Research
Clinical neuropsychology primarily involves the assessment of neurocognitive impairment following naturally occurring brain injuries like Alzheimer disease, stroke, seizure disorder, anoxia, and traumatic brain injury. This involves administration of a battery of pencil and paper tests that cover all subcategories of neurocognition: delayed memory, language, visual-perceptual, somatosensation/motor, and executive functions.
CN956 research is derived from, and informs, clinical practice. Multiple research designs have been used including: single case studies; meta-analytical literature reviews; correlation/ regression within-group statistical analyses; and data mining of existent national data sets.

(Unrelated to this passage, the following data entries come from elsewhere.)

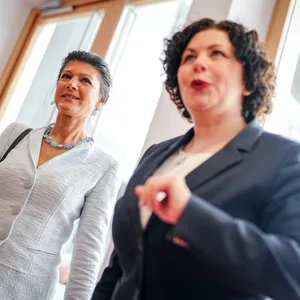 BSW-Chefin Sahra Wagenknecht und die Co-Chefin Amira Mohamed Ali (Archivbild)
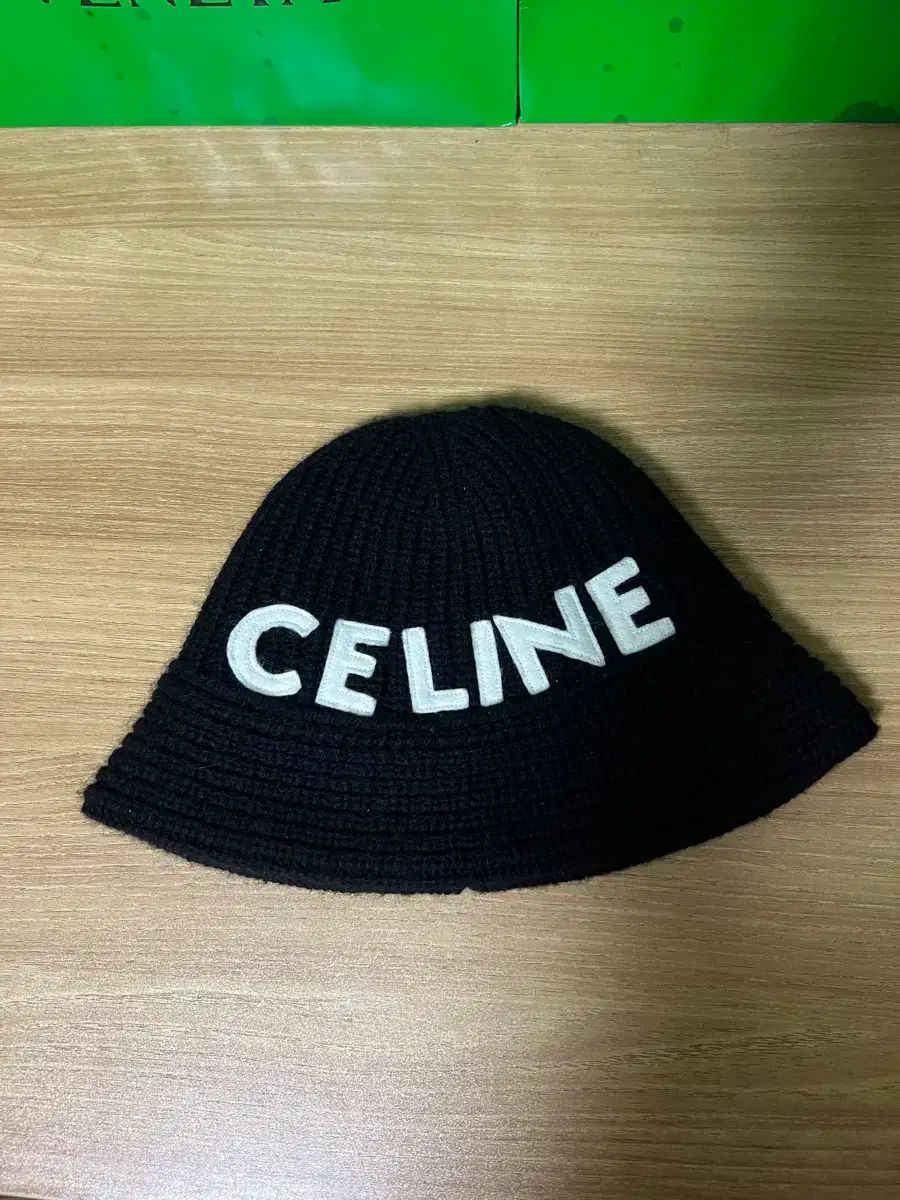 Celine セリーヌ カシミヤ バケットハット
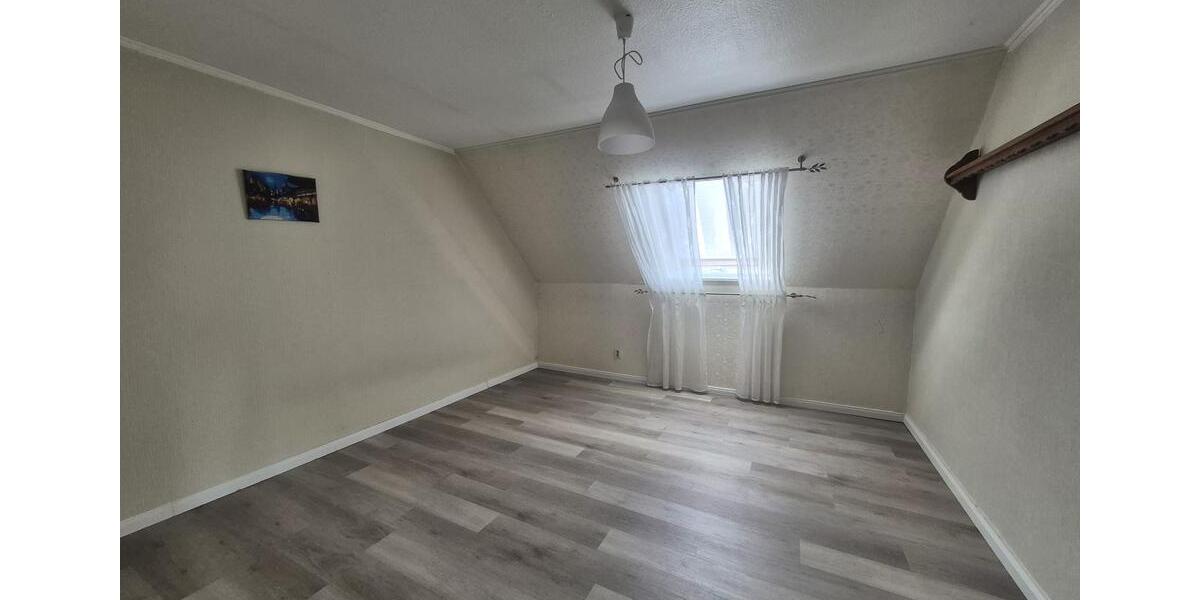 Dachgeschoßwohnung Lübbecke - 5 Zimmer, 190 m&sup2;, 950&euro; | Angebot:26232672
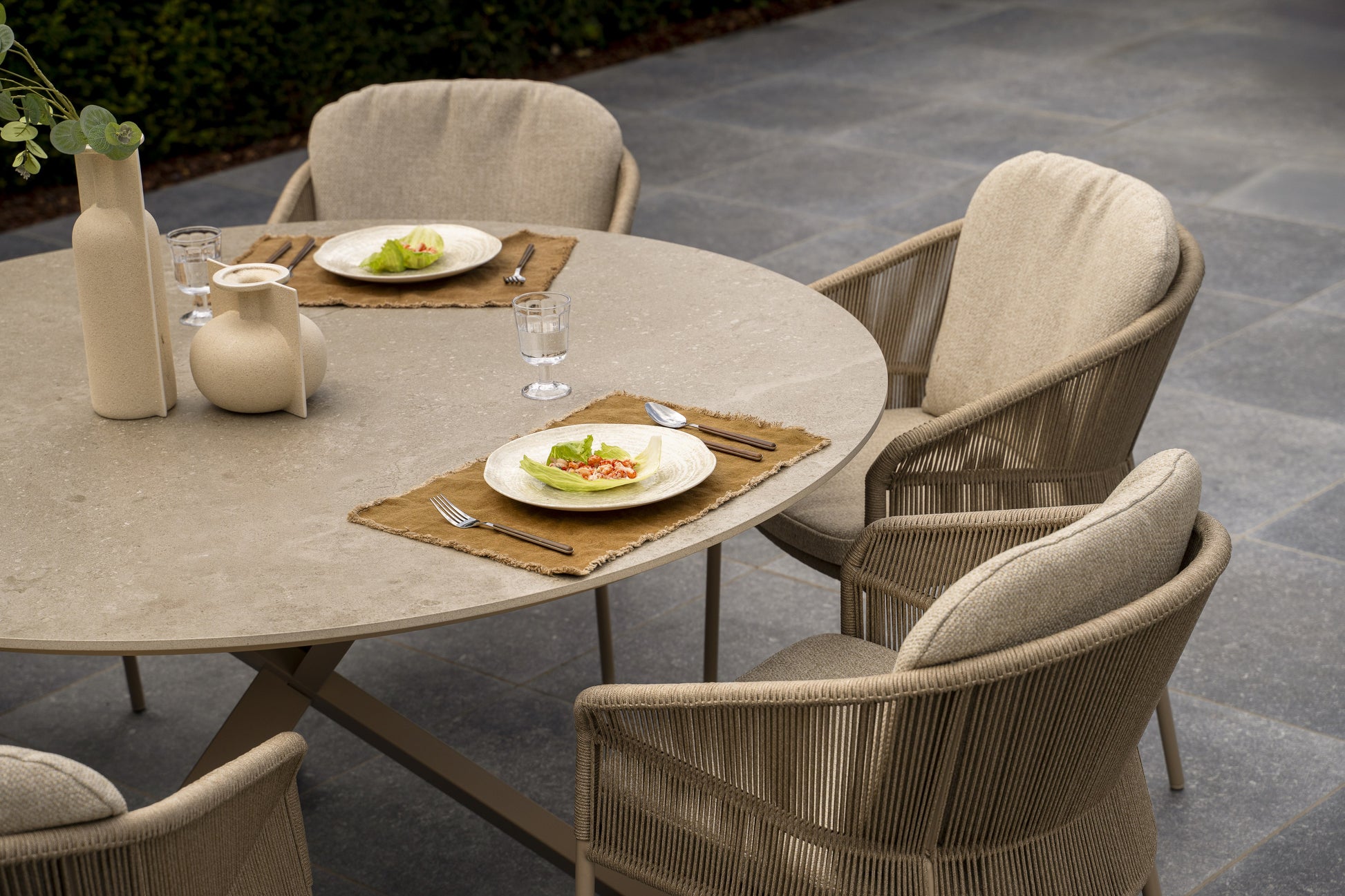 4SO Florence dining set latte (6 st.) met Prado tafel ⌀160cm — sfeervolle tuinset van 4 Seasons Outdoor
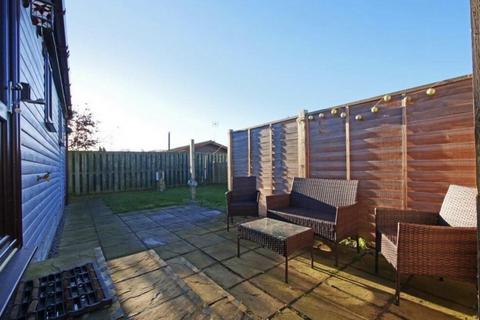 2 bedroom park home to rent, Hull Road, Wilberfoss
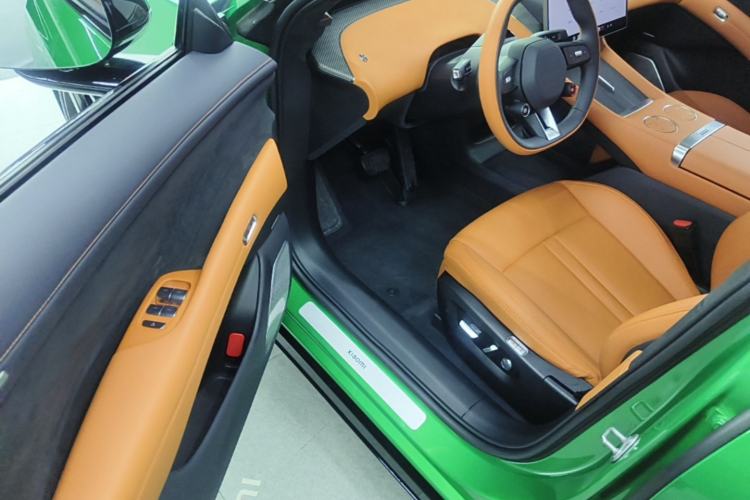 Used Xiaomi Auto YU7 2025 Ultra-Long Range High-Performance All-Wheel-Drive Max Edition Driver Seat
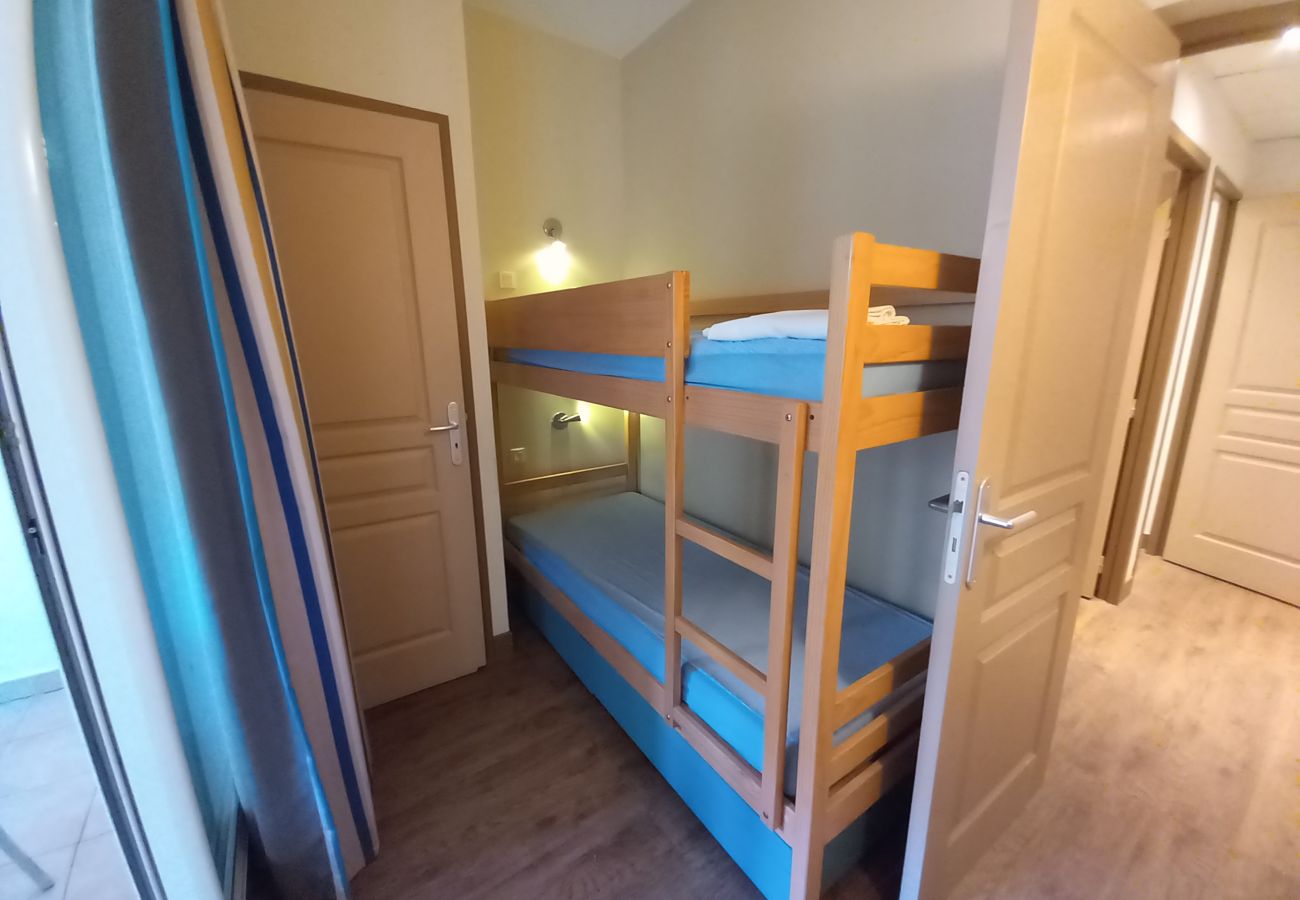 Appartement à Fréjus - Résidence CAP HERMES, grand T3 68m², 6 couchages, clim, Wifi, piscine et acces direct a la plage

Due to its location, CN956 is heavily invested in the neuropsychological assessment of U.S. racial/ethnic minorities. CN956 research on this topic is guided by the principle that U.S. racial/ethnic categories are census defined sociopolitical units (typically operationalized by self-report) that are not scientifically distinct. As such, race/ethnicity is not viewed as a demographic variable useful to clinical neuropsychological research and practice. We do not use race-norms or cross racial/ethnic comparisons, as the latter are uninterpretable as to causation. Instead, the racial/ethnic variable is replaced by measurable sociocultural dimensions that differ across racial/ethnic groupings with known effects on neuropsychological test scores (Gasquoine, 1999; Ontiveros & Gasquoine, in press). Research has identified only a few such sociocultural dimensions, namely quality of education, acculturation, English language fluency, and bilingualism to date.